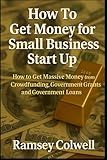 How To Get Money for Small Business Start Up: How to Get Massive Money from Crowdfunding, Government Grants and Government Loans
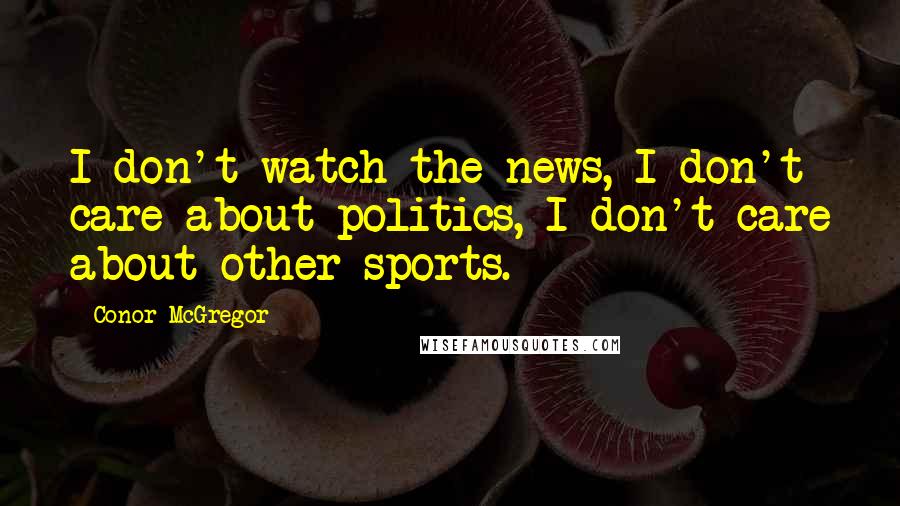 Conor McGregor Quotes: I don't watch the news, I don't care about politics, I don't care about other sports.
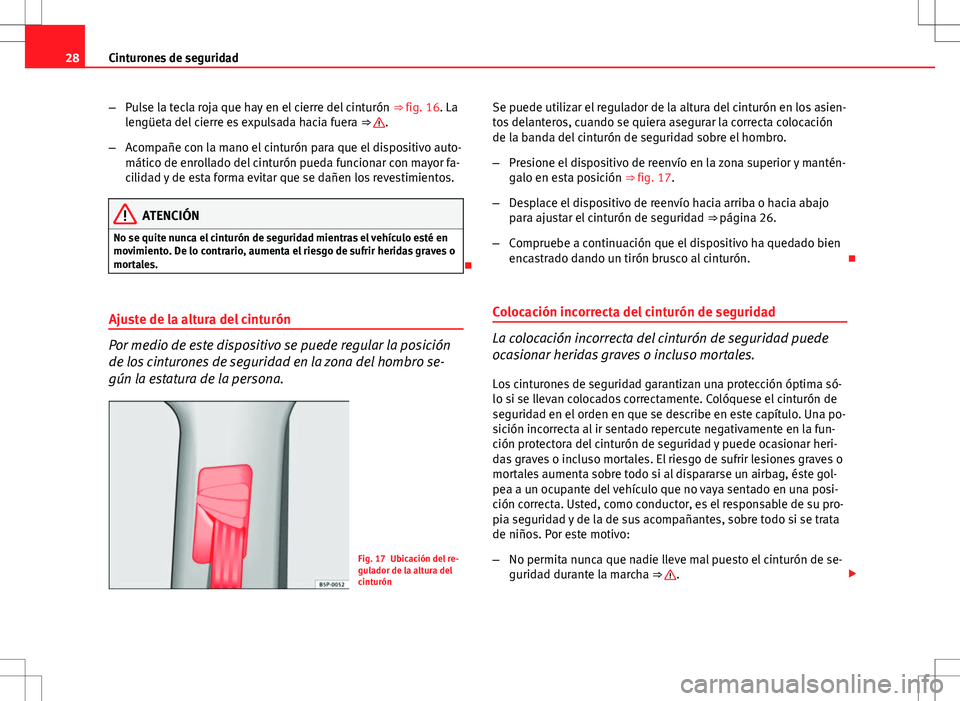 Seat Altea 2013  Manual del propietario (in Spanish) 28Cinturones de seguridad
–Pulse la tecla roja que hay en el cierre del cinturón  ⇒ fig. 16. La
lengüeta del cierre es expulsada hacia fuera  ⇒ 
.
– Acompañe con la mano el cinturón pa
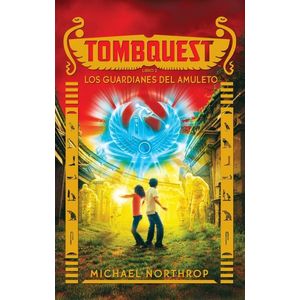 TOMBQUEST- LOS GUARDIANES DEL AMULETO - NORTHROP, MICHAEL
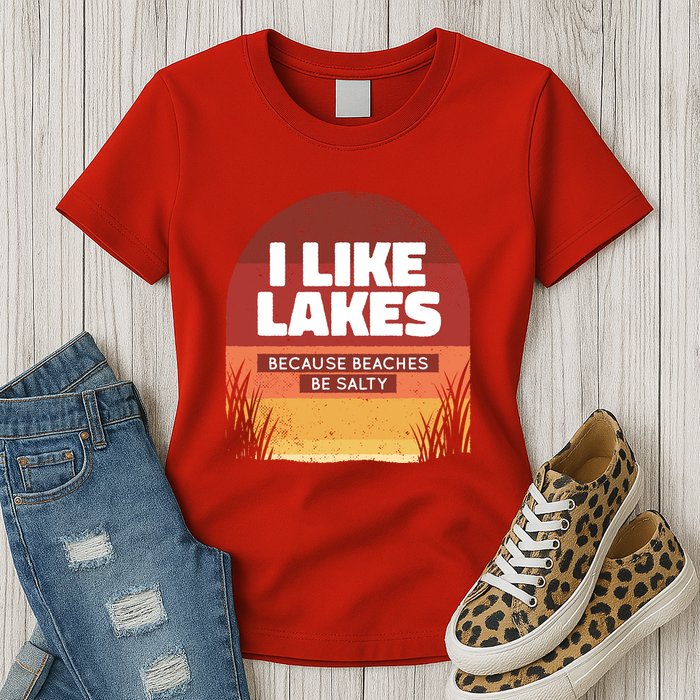 I Like Lakes Because Beaches Be Salty Womens T-Shirt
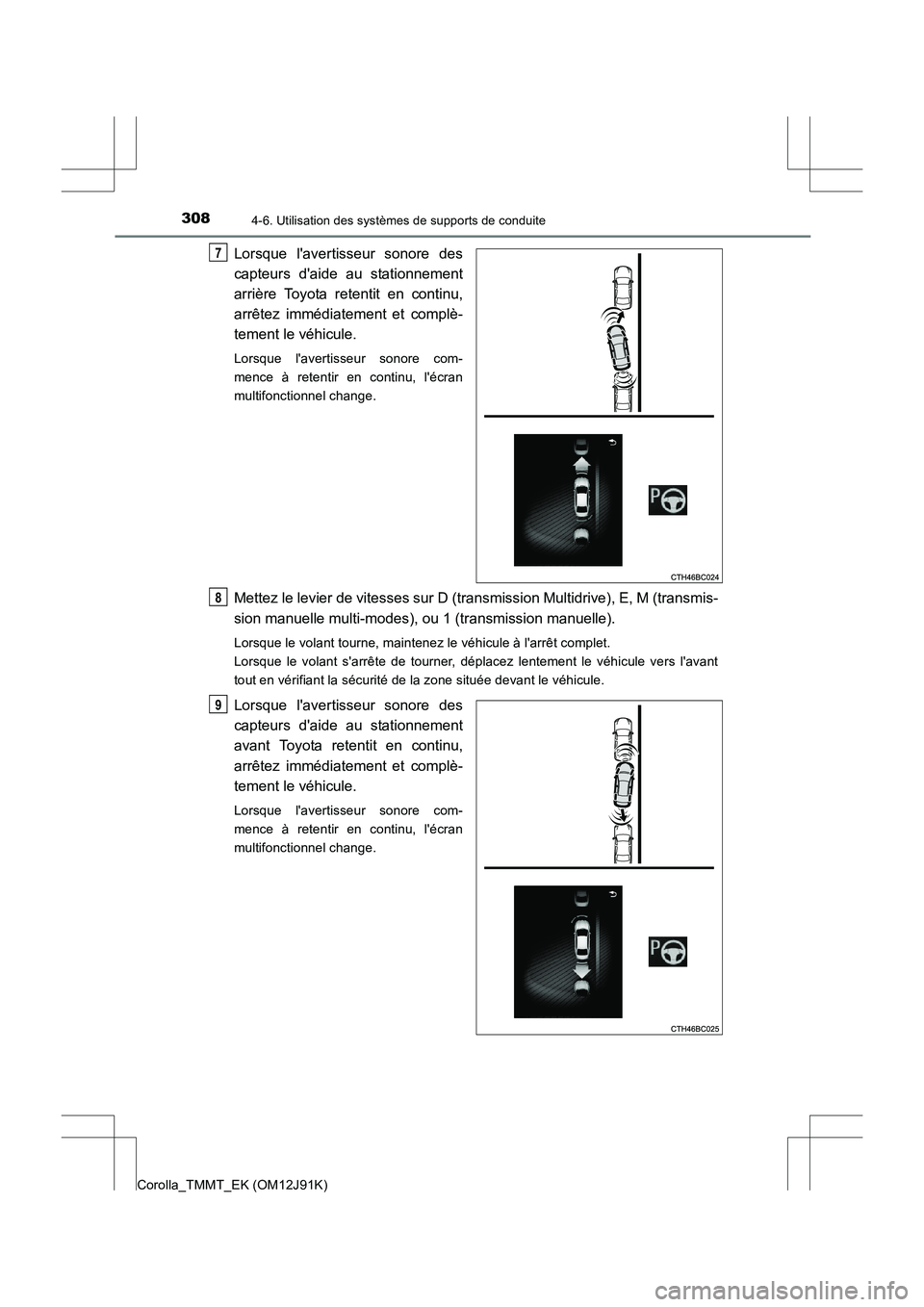 TOYOTA COROLLA 2017 Manuel du propriétaire (in French) 3084-6. Utilisation des systèmes de supports de conduite
Corolla_TMMT_EK (OM12J91K)
Lorsque lavertisseur sonore des
capteurs daide au stationnement
arrière Toyota retentit en continu,
arrêtez imm TOYOTA COROLLA 2017 Manuel du propriétaire (in French) 3084-6. Utilisation des systèmes de supports de conduite
Corolla_TMMT_EK (OM12J91K)
Lorsque lavertisseur sonore des
capteurs daide au stationnement
arrière Toyota retentit en continu,
arrêtez imm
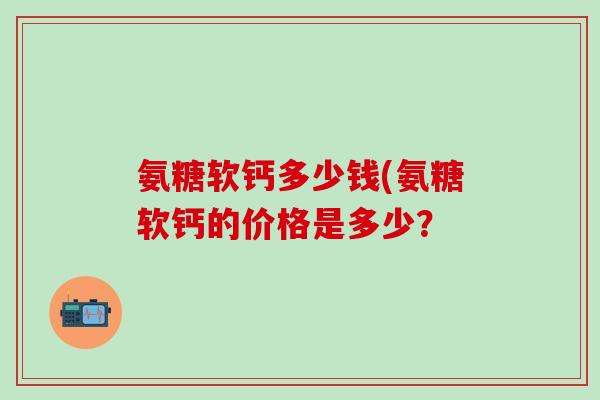 氨糖软钙多少钱(氨糖软钙的价格是多少？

* PROBLEM DETAILS: Drop the images, then copy the data exactly.

* ANSWER BOX:
 How To Get Money for Small Business Start Up: How to Get Massive Money from Crowdfunding, Government Grants and Government Loans
 Conor McGregor Quotes: I don't watch the news, I don't care about politics, I don't care about other sports.
 Seat Altea 2013  Manual del propietario (in Spanish) 28Cinturones de seguridad
–Pulse la tecla roja que hay en el cierre del cinturón  ⇒ fig. 16. La
lengüeta del cierre es expulsada hacia fuera  ⇒ 
.
– Acompañe con la mano el cinturón pa
 TOMBQUEST- LOS GUARDIANES DEL AMULETO - NORTHROP, MICHAEL
 I Like Lakes Because Beaches Be Salty Womens T-Shirt
 TOYOTA COROLLA 2017 Manuel du propriétaire (in French) 3084-6. Utilisation des systèmes de supports de conduite
Corolla_TMMT_EK (OM12J91K)
Lorsque lavertisseur sonore des
capteurs daide au stationnement
arrière Toyota retentit en continu,
arrêtez imm TOYOTA COROLLA 2017 Manuel du propriétaire (in French) 3084-6. Utilisation des systèmes de supports de conduite
Corolla_TMMT_EK (OM12J91K)
Lorsque lavertisseur sonore des
capteurs daide au stationnement
arrière Toyota retentit en continu,
arrêtez imm
 氨糖软钙多少钱(氨糖软钙的价格是多少？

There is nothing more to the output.